» **About this exercise**
From the entries below, return exactly the lines beginning at the one that contains "Kadin Bidik Kawasan" and ending at the one that contains "New 2026 Kia Seltos EX FWD image 27", both of them included, and only those lines.

» **Provided material**
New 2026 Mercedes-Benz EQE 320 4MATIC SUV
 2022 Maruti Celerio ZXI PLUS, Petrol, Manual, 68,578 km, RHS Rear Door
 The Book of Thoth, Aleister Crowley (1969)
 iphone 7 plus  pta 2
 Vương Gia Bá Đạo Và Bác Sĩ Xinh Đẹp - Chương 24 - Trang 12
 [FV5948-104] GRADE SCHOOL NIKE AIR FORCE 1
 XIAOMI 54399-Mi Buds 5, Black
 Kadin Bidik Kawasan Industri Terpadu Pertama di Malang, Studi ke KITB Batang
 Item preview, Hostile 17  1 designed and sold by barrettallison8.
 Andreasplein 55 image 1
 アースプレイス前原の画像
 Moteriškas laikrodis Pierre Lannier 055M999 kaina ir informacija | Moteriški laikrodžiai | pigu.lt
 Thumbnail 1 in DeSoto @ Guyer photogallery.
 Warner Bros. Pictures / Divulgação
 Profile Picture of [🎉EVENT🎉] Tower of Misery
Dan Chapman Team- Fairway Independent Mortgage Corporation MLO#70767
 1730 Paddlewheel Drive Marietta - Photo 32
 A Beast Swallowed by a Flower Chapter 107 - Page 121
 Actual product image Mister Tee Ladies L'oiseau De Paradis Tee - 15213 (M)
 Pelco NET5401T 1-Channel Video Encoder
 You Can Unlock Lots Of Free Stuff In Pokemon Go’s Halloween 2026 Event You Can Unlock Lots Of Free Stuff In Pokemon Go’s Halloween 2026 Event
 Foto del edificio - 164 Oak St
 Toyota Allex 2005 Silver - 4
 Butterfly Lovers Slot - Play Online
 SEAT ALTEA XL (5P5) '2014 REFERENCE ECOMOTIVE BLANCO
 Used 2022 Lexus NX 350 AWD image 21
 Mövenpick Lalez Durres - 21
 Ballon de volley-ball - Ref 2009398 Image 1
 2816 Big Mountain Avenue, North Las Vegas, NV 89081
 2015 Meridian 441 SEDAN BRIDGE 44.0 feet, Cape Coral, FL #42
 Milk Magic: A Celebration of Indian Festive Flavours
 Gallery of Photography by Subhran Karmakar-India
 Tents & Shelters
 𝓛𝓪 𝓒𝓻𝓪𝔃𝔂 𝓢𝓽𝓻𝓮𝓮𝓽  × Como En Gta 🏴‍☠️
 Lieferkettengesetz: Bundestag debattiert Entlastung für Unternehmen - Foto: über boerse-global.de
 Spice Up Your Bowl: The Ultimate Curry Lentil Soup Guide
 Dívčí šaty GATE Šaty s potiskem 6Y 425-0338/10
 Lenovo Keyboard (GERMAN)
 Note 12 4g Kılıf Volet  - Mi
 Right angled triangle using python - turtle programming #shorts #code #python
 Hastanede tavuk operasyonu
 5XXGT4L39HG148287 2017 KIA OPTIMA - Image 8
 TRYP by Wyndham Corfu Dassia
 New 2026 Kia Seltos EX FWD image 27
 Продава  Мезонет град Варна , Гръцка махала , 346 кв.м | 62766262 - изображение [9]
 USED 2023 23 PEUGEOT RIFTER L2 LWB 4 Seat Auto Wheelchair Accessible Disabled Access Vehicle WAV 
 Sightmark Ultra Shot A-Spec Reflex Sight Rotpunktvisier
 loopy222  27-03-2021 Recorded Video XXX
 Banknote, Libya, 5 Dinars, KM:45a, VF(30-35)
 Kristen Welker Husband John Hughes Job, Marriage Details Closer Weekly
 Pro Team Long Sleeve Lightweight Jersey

» **Exercise solution**
 Kadin Bidik Kawasan Industri Terpadu Pertama di Malang, Studi ke KITB Batang
 Item preview, Hostile 17  1 designed and sold by barrettallison8.
 Andreasplein 55 image 1
 アースプレイス前原の画像
 Moteriškas laikrodis Pierre Lannier 055M999 kaina ir informacija | Moteriški laikrodžiai | pigu.lt
 Thumbnail 1 in DeSoto @ Guyer photogallery.
 Warner Bros. Pictures / Divulgação
 Profile Picture of [🎉EVENT🎉] Tower of Misery
Dan Chapman Team- Fairway Independent Mortgage Corporation MLO#70767
 1730 Paddlewheel Drive Marietta - Photo 32
 A Beast Swallowed by a Flower Chapter 107 - Page 121
 Actual product image Mister Tee Ladies L'oiseau De Paradis Tee - 15213 (M)
 Pelco NET5401T 1-Channel Video Encoder
 You Can Unlock Lots Of Free Stuff In Pokemon Go’s Halloween 2026 Event You Can Unlock Lots Of Free Stuff In Pokemon Go’s Halloween 2026 Event
 Foto del edificio - 164 Oak St
 Toyota Allex 2005 Silver - 4
 Butterfly Lovers Slot - Play Online
 SEAT ALTEA XL (5P5) '2014 REFERENCE ECOMOTIVE BLANCO
 Used 2022 Lexus NX 350 AWD image 21
 Mövenpick Lalez Durres - 21
 Ballon de volley-ball - Ref 2009398 Image 1
 2816 Big Mountain Avenue, North Las Vegas, NV 89081
 2015 Meridian 441 SEDAN BRIDGE 44.0 feet, Cape Coral, FL #42
 Milk Magic: A Celebration of Indian Festive Flavours
 Gallery of Photography by Subhran Karmakar-India
 Tents & Shelters
 𝓛𝓪 𝓒𝓻𝓪𝔃𝔂 𝓢𝓽𝓻𝓮𝓮𝓽  × Como En Gta 🏴‍☠️
 Lieferkettengesetz: Bundestag debattiert Entlastung für Unternehmen - Foto: über boerse-global.de
 Spice Up Your Bowl: The Ultimate Curry Lentil Soup Guide
 Dívčí šaty GATE Šaty s potiskem 6Y 425-0338/10
 Lenovo Keyboard (GERMAN)
 Note 12 4g Kılıf Volet  - Mi
 Right angled triangle using python - turtle programming #shorts #code #python
 Hastanede tavuk operasyonu
 5XXGT4L39HG148287 2017 KIA OPTIMA - Image 8
 TRYP by Wyndham Corfu Dassia
 New 2026 Kia Seltos EX FWD image 27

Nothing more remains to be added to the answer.